Gau (/gaʊ/; Japanese: ガウ) is a character introduced in the 1994 role-playing video game Final Fantasy VI by Square Enix. A feral child, Gau was raised by animals in the game's Veldt location after his father abandoned him as an infant, and later develops a familial bond with the characters Cyan and Sabin after they offer him food. Unlike other characters in the game, he fights specifically using enemy movesets the player can learn through using him against enemy encounters on the Veldt, though this renders him unable to be controlled for the duration of the fight.
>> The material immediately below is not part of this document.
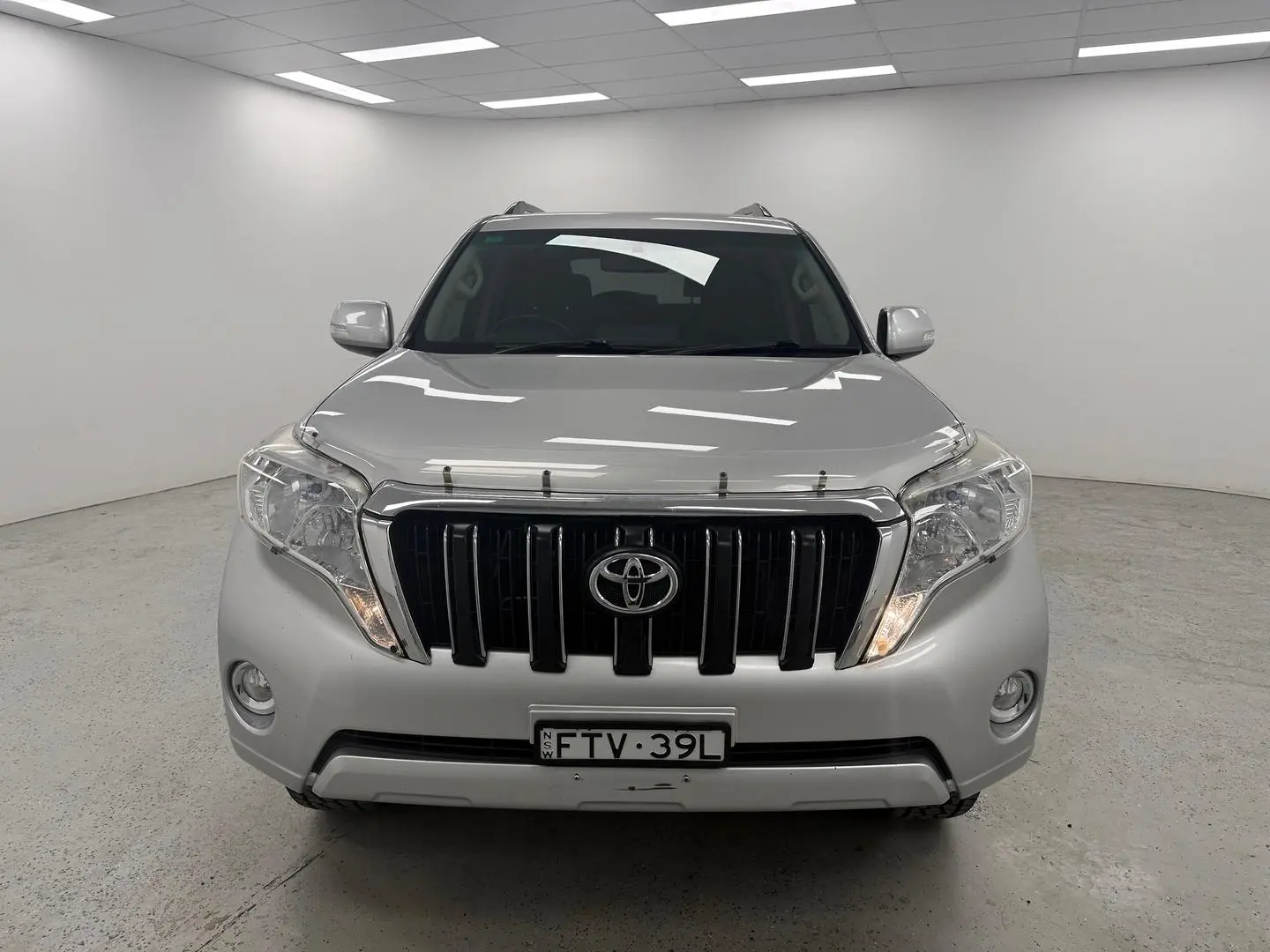 2015 Toyota Landcruiser Prado Gallery Image 39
He has since appeared in other games related to the Final Fantasy franchise, including Dissidia Final Fantasy Opera Omnia, where he is voiced by Tomo Muranaka.

Gau received mixed reception upon release, particularly for being very difficult to use as a character in terms of gameplay, and the amount of time investment on the parts of players to get the most out of him. He has also been seen as too narratively disconnected from the game's main plot, however he has also received praise for his often comedic portrayal alongside his tragic backstory. He was also praised for his role in Cyan and Sabin's characterization, acting as a surrogate son to the former and brother to the latter, as well as the sense of family he brought to the group with his character's personal quest.

==Appearances==
Gau is a feral child in the 1994 Square Enix video game Final Fantasy VI. Surviving by himself in the wilderness, he is first encountered in the game's Veldt location by the characters Cyan and Sabin, where after being fed some meat he will join up with the pair. After some comedic misadventures, he helps them return to the rest of the group. In the second half of the game, the group discovers that Gau's father is alive. They help dress him to be presentable to meet the man, only to discover he is insane. His wife died in childbirth, and driven insane he believed the crying baby to be a monster and abandoned it in the wild. Sabin threatens to strike the man in anger, but Gau stops him. The man compliments Gau's looks, saying he "must make his father proud", something that Gau takes to heart. Gau expresses he is happy just to see his father alive and well, and the group departs.

Unlike other characters in the game, Gau lacks a regular "Fight" command and cannot equip weapons. Instead he has two skills unique to him: Rage and Leap. The Rage skill allows him to select from a list of learned rages, enemy attack patterns Gau can mimic. While active, he will become uncontrollable for the rest of the fight or until his health is depleted. Meanwhile, he gains both the special traits of that enemy and will randomly attacks with moves available to the enemy. Gau can learn additional rages through the Leap command, which is only available when on the game's Veldt location. When using it during a random enemy encounter, Gau will jump towards the group of enemies and the battle will end, with Gau leaving the party temporarily. On the next random encounter, after combat Gau will return to the party and have learned any rages possible from the previous enemies and those from the current encounter.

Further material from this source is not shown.